Будучи любителем зрелищ такого рода, я недавно отправился в Париже на встречу champion sovi?tique — champion am?ricain
[34]. На ринг вышел русский — парень в шитой золотом рубахе, с золотыми кудрями и лицом дегенерата-сифилитика. Публика встретила его восторженным ревом; никто и не вспомнил про такую мелочь, что в СССР вообще нет профессионального спорта, а американская вольная борьба считается «зверством», и, стало быть, champion sovi?tique скорее всего родился не в донских степях, а где-то возле площади Пигаль или, скажем, в Сен-Дени. Следом появился чемпион Америки — устрашающего вида гигант: не будь схватка тщательно срежиссирована, чемпиона СССР вынесли бы с ринга вперед ногами. Публика улюлюкает и осыпает американца проклятиями; в него летят апельсиновые корки, спичечные коробки, ему грозят кулаками. Начинается бой; несчастный американец делает все, чтобы проиграть, но что-то тут осталось непродуманным, и златовласый славянин — как ни пинал судья американца, когда тот, увлекшись, начинал выигрывать, — примерно в середине схватки, несмотря на помощь противника, арбитра и публики, скапутился. Об этом не стоило бы рассказывать, если б не реакция зрителей. Публика, состоявшая в основном из рабочих, мелких ремесленников и кучки скучающих левых интеллектуалов, дружно орала: «Грязная свинья, иди драться во Вьетнам».В этом трагедия Америки: миллионы долларов ухлопываются на локальные войны, в которых итальянский или французский рабочий не видит смысла.

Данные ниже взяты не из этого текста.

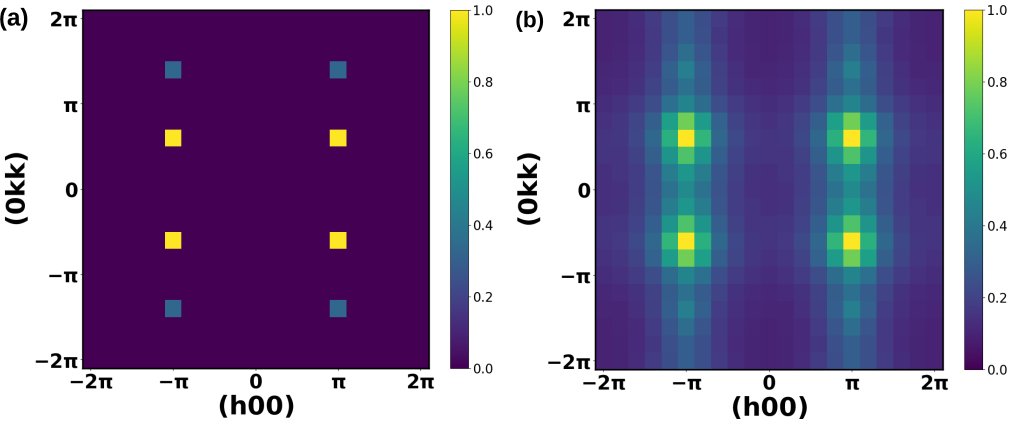 raorahul25497's tweet image. Our new paper on the quasiparamagnetic state in the hyperhoneycomb lattice of Na0.5Yb0.5WO4 is out in Phys. Rev. B! A fantastic collaboration with @GemmyAnita &amp;amp; scientists from @isisneutronmuon. @QuantumMatLab @PhysRevB 

journals.aps.org/prb/abstract/1…

#QuantumMaterials #SpinDynamics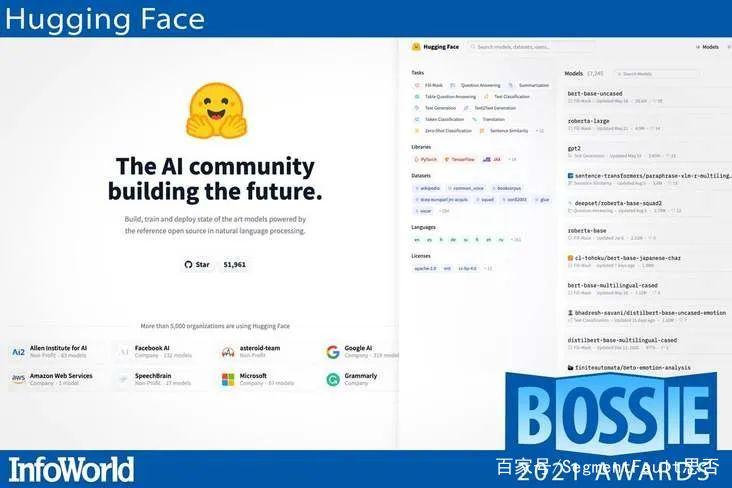 2021年最佳开源软件榜单中，有哪些值得关注的软件？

Американцы вынуждены поддерживать таких деятелей, как Чомбе и Ли Сынман; американцам пришлось поднять из руин Западную Германию; американцы должны помогать генералу Франко; американский рабочий за все это платит, но аплодисменты достаются не Статуе Свободы, а златокудрому кретину, дерущемуся с противником, который втрое его сильнее; и кретин побеждает, так как этого очень хотят все те бедные люди, которые еще продолжают верить, что свобода придет оттуда, где погибли лучшие из лучших.
Поляки знают, что в случае конфликта с Россией американцы не пришлют им на помощь ни одного солдата; тем не менее любовь к Америке не ослабевает. Много лет в Польше не показывали американских фильмов; наконец в пятьдесят седьмом году на экраны вышел вестерн под названием «Последний бой апача», где апача играл белокурый и голубоглазый Берт Ланкастер. Премьера фильма по воле случая совпала с другим незаурядным событием: впервые после двадцатилетнего перерыва был запущен воздушный шар «Звезда Польши II». Тысячи столпившихся перед кинотеатром людей даже не посмотрели на взмывшую в воздух «Звезду»; они рвались на Ланкастера. Чего только он не делает в этом фильме: орудует ножом, стреляет, взрывает груженные порохом телеги; затягивая на шее конвоира кандалы, приговаривает: «А теперь, белый пес, возвращайся к своим и расскажи, с кем они затеяли войну» — и дает ему пинок в зад; но все это пустяк по сравнению с тем, что творилось перед кинотеатром. То и дело вспыхивали перебранки; поминутно вмешивалась милиция; двое схватились за ножи, а жена одного из них кинулась искать какого-то пана Зенека — единственного человека, который мог бы предотвратить кровопролитие. Толпа бурлила, крича: «Где пан Зенек? Где пан Зенек?» Наконец прибежал пан Зенек; профессиональным глазом оценив ситуацию, он на бегу сбросил пиджак и положил обоих противников «бараном», то есть ударом головы в грудь. И никто даже не поглядел на одиноко удаляющуюся «Звезду Польши II»; зря старались польские конструкторы — Ланкастер с паном Зенеком их затмили.
Нелегко писать об отношении поляков к американцам и всему американскому. Распространяться о Пуласком и Костюшко
[35]бессмысленно, оперировать статистическими данными и сравнивать две культуры тоже не стоит; и сравнение польской и американской литературы ничего не даст — во всяком случае, не мне этим заниматься: я об отечественной литературе имею весьма приблизительное представление. Полагаю, за это следует благодарить моих учителей польского, которые изводили меня классическим вопросом: «Что хотел сказать поэт?»; «Пана Тадеуша» я так и не осилил — по сей день не могу преодолеть отвращения. За преподавание литературы в школе нужно сажать в тюрьму; странно, что commies до этого не додумались. Школьной программой предусмотрено изучение большого числа шедевров соцреализма; это в немалой степени предопределяет на будущее интерес подрастающей молодежи к литературе такого рода.